AWS Certified Machine Learning Engineer – Associate (MLA-C01) — Question 46
A company stores time-series data about user clicks in an Amazon S3 bucket. The raw data consists of millions of rows of user activity every day. ML engineers access the data to develop their ML models.
The ML engineers need to generate daily reports and analyze click trends over the past 3 days by using Amazon Athena. The company must retain the data for 30 days before archiving the data.
Which solution will provide the HIGHEST performance for data retrieval?
Answer options
- A. Keep all the time-series data without partitioning in the S3 bucket. Manually move data that is older than 30 days to separate S3 buckets.
- B. Create AWS Lambda functions to copy the time-series data into separate S3 buckets. Apply S3 Lifecycle policies to archive data that is older than 30 days to S3 Glacier Flexible Retrieval.
- C. Organize the time-series data into partitions by date prefix in the S3 bucket. Apply S3 Lifecycle policies to archive partitions that are older than 30 days to S3 Glacier Flexible Retrieval.
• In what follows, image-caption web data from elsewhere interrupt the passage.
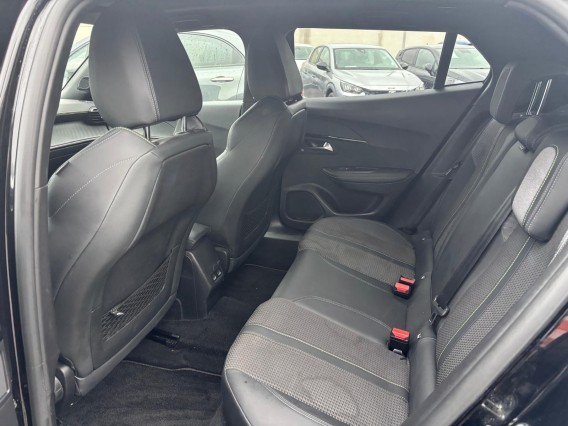 Aperçu de la photo 12 du véhicule PEUGEOT 2008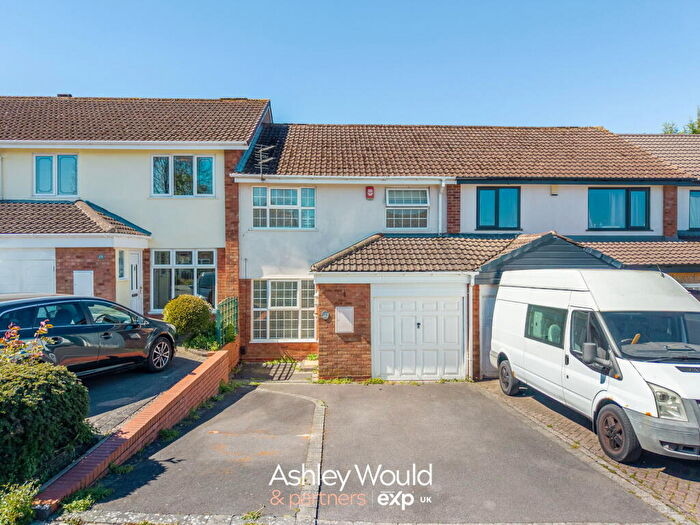 3 Bedroom Terraced House For Sale In Hambleton Road, Halesowen, B63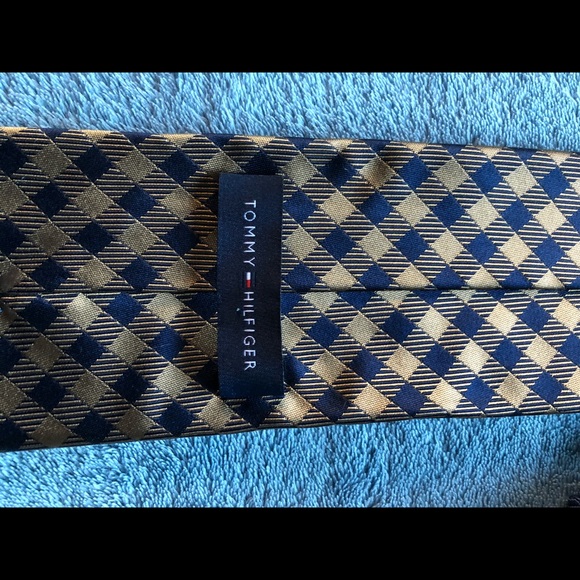 Tommy Hilfiger neck tie, imported silk - Picture 2 of 2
- D. Put each day's time-series data into its own S3 bucket. Use S3 Lifecycle policies to archive S3 buckets that hold data that is older than 30 days to S3 Glacier Flexible Retrieval.
Correct answer: C
Explanation
Option C is the best choice because partitioning the data by date allows Amazon Athena to efficiently query only the relevant partitions, resulting in faster data retrieval. The other options either do not utilize partitioning (A, D) or introduce unnecessary complexity without performance benefits (B).